During early learning, there is much attention necessarily focused on performing the task that's being learned, but with much effective practice, a display of automaticity for a task is seen, where less attention is needed to perform the skill.  The creativity you cite in the advanced martial arts performer is also seen in the highly skilled nursing dyad some months after the birth, where the mother can hold the nursling in one arm and perform additional tasks with her other hand and arm, even while walking about.  But imagine the difficulty for the Day 1 primiparous mother who would be asked to learn how to hold her infant for feeding at the breast while also walking around her room - - so difficult as to be impossible!  For the novice lactation clinician to learn how to assist the dyad with tube-feeding at the breast, before the novice clinician has yet learned how to assist the dyad with any nursing whatsoever - - too difficult! With trial and error learning as well as effective practice, we build on our earlier successes toward more advanced skill performances.  

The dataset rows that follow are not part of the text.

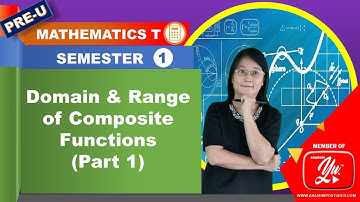 Domain and Range Of Composite Functions (Part 1) - Mathematics T STPM Semester 1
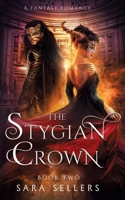 The Stygian Crown: A Fantasy Romance (Sanguine and Stygian) 1737219433 Book Cover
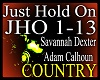 *jho - Just Hold On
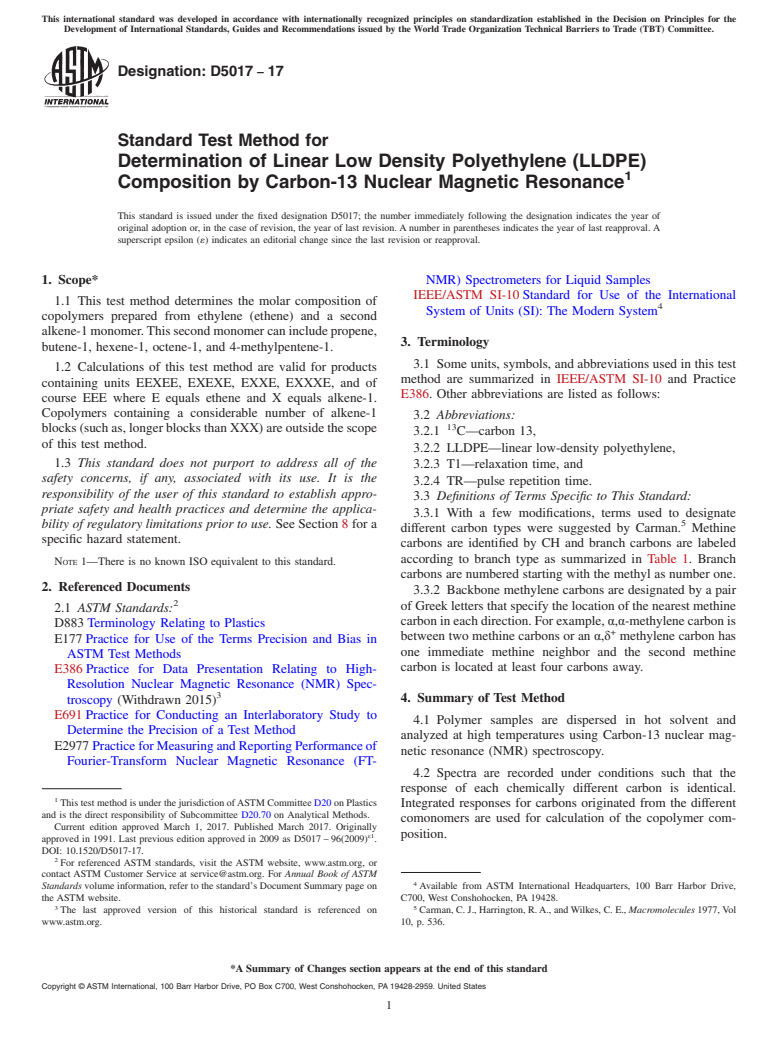 ASTM D5017-17 - Standard Test Method for  Determination of Linear Low Density Polyethylene (LLDPE) Composition  by Carbon-13 Nuclear Magnetic Resonance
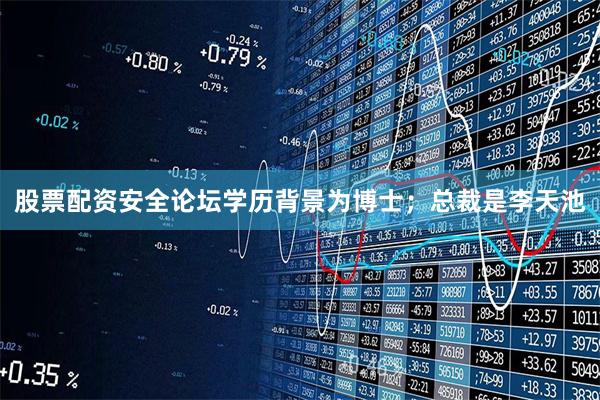 股票配资安全论坛学历背景为博士；总裁是李天池
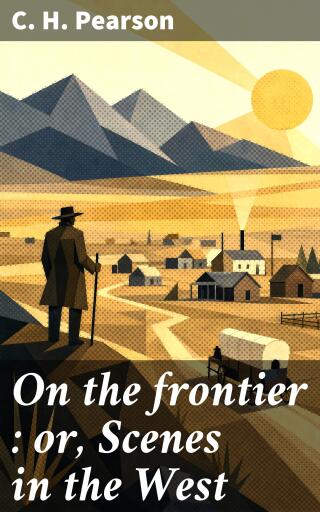 On the frontier : or, Scenes in the West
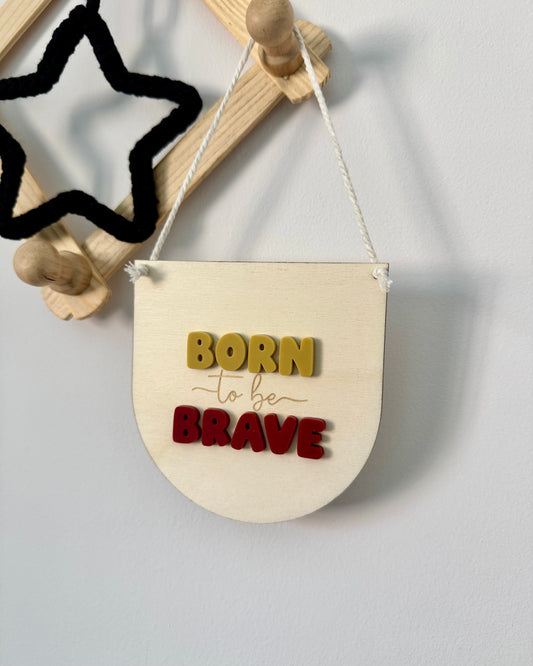 Born to be Brave Mini Pennant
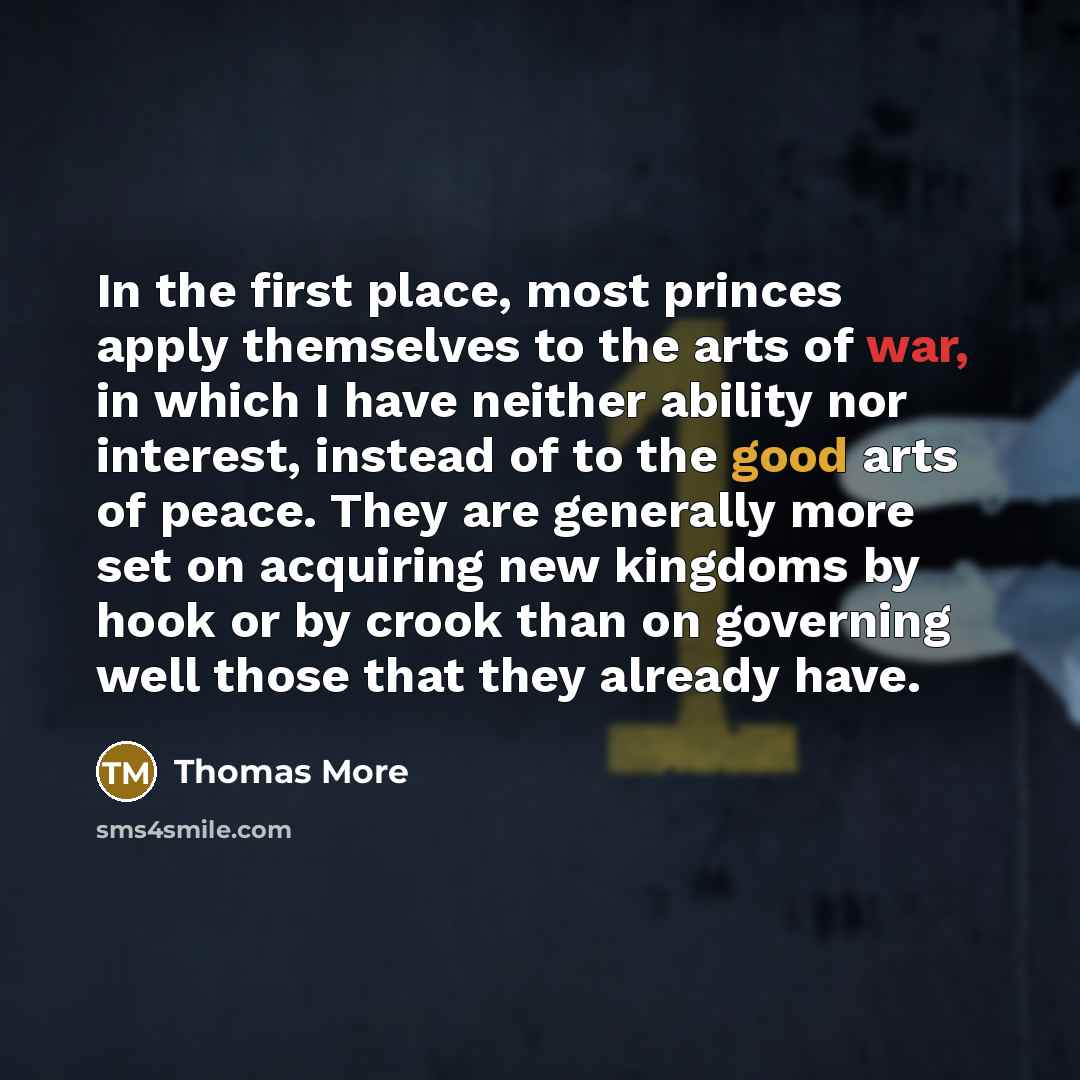 “In the first place, most princes apply themselves to the arts of war, in which I have neither ability nor interest, instead of to the good arts of peace. They are generally more set on acquiring new kingdoms by hook or by crook than on governing well those that they already have.” quote by Thomas More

The older, highly skilled nursling becomes creative at the breast by displaying his/her ability to nurse while also grabbing mother's finger, or patting her breast, or playing with a button on mother's shirt while nursing, and can even sustain a lengthy grin without losing the latch.  The nursing toddler also displays creativity in his/her feeding skills at the breast with the ability to stand, move about to a certain extent and look around, all whilst feeding at the breast.        

It's so interesting to think of the various roads to automaticity, such as the novice knitter who is focused on each step of the process while learning how to cast on, knit, purl, and cast off, versus the expert knitter who can carry on a conversation without constantly looking at his/her active and ongoing knitting process.  Regarding Brazilian jiu-jitsu, have you read former chess champion Josh Waitzkin's 2007 book, The Art of Learning?  After he stopped competing in chess (the film "Searching for Bobby Fischer" was about his early life in chess, from the book of the same name authored by his father), he became interested in T'ai chi, developed into a world champion in T'ai chi ch'uan, and also became a black belt in Brazilian jiu-jitsu.